» Data below:

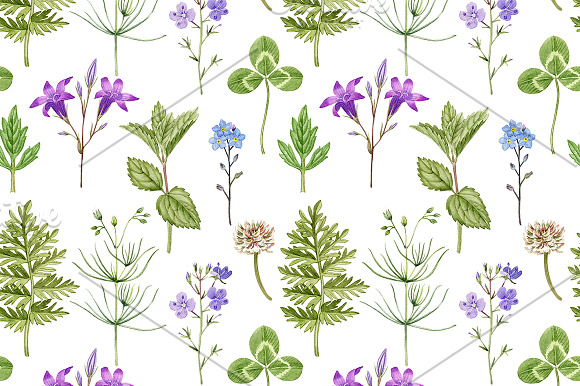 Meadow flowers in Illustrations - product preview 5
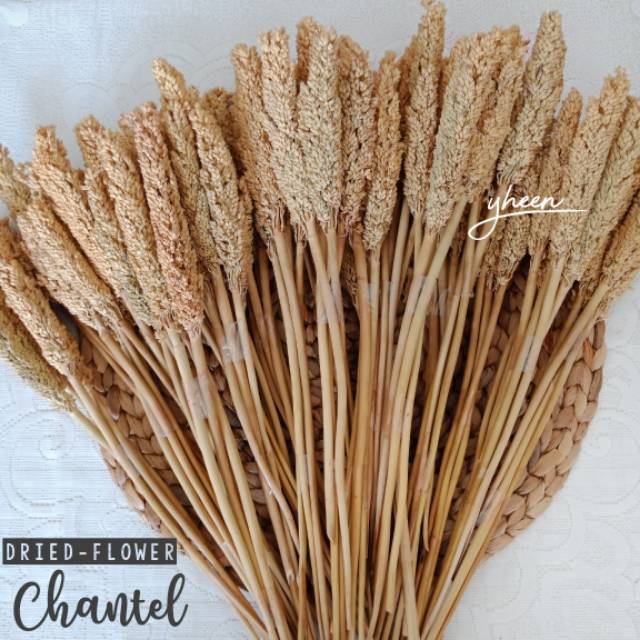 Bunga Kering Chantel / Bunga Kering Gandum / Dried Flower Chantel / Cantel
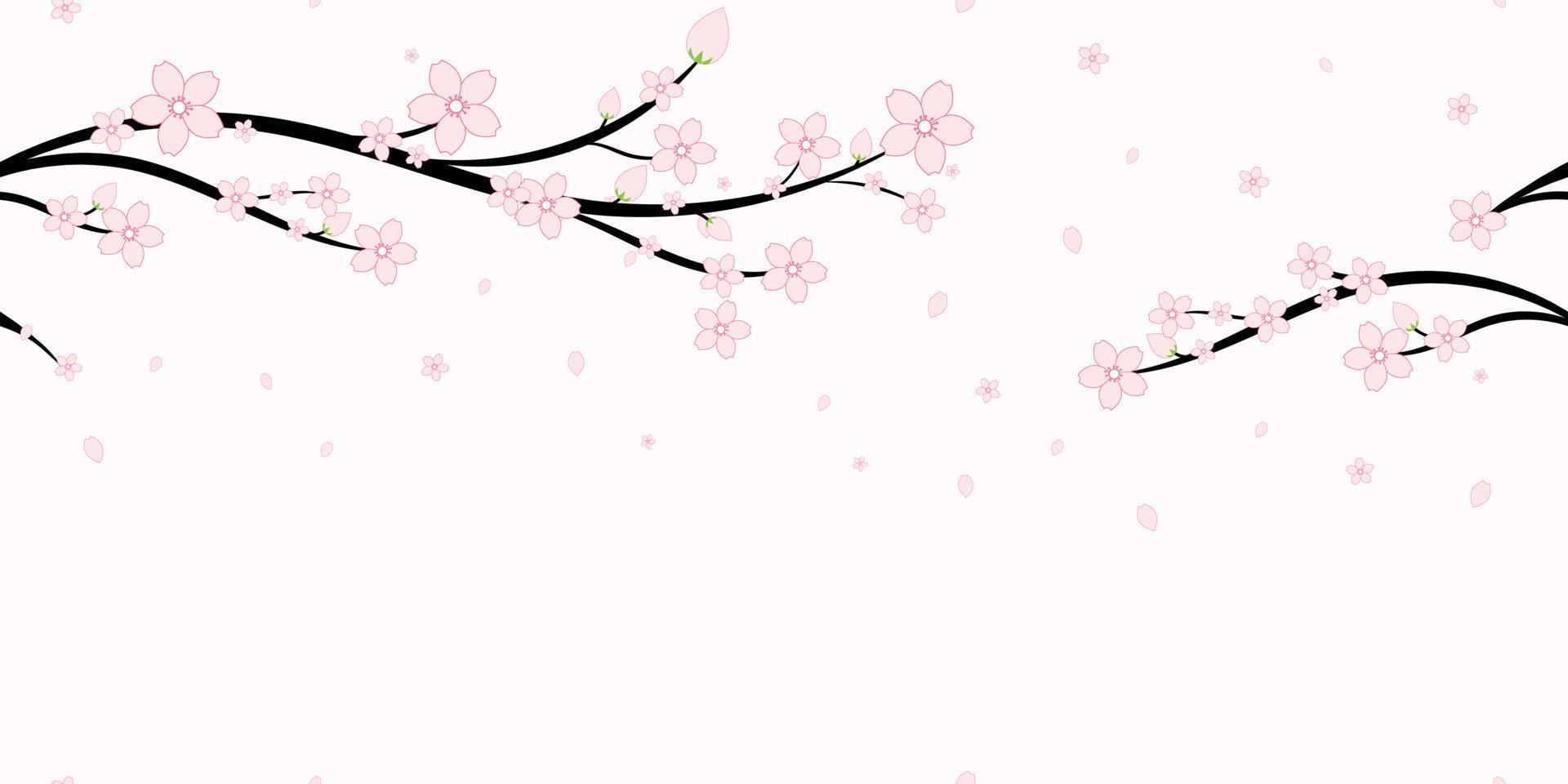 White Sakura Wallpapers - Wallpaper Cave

» Exercise requirements: What is needed is the whole listing again, exactly as written, with the images left out.

» Written solution:
 Meadow flowers in Illustrations - product preview 5
 Bunga Kering Chantel / Bunga Kering Gandum / Dried Flower Chantel / Cantel
 White Sakura Wallpapers - Wallpaper Cave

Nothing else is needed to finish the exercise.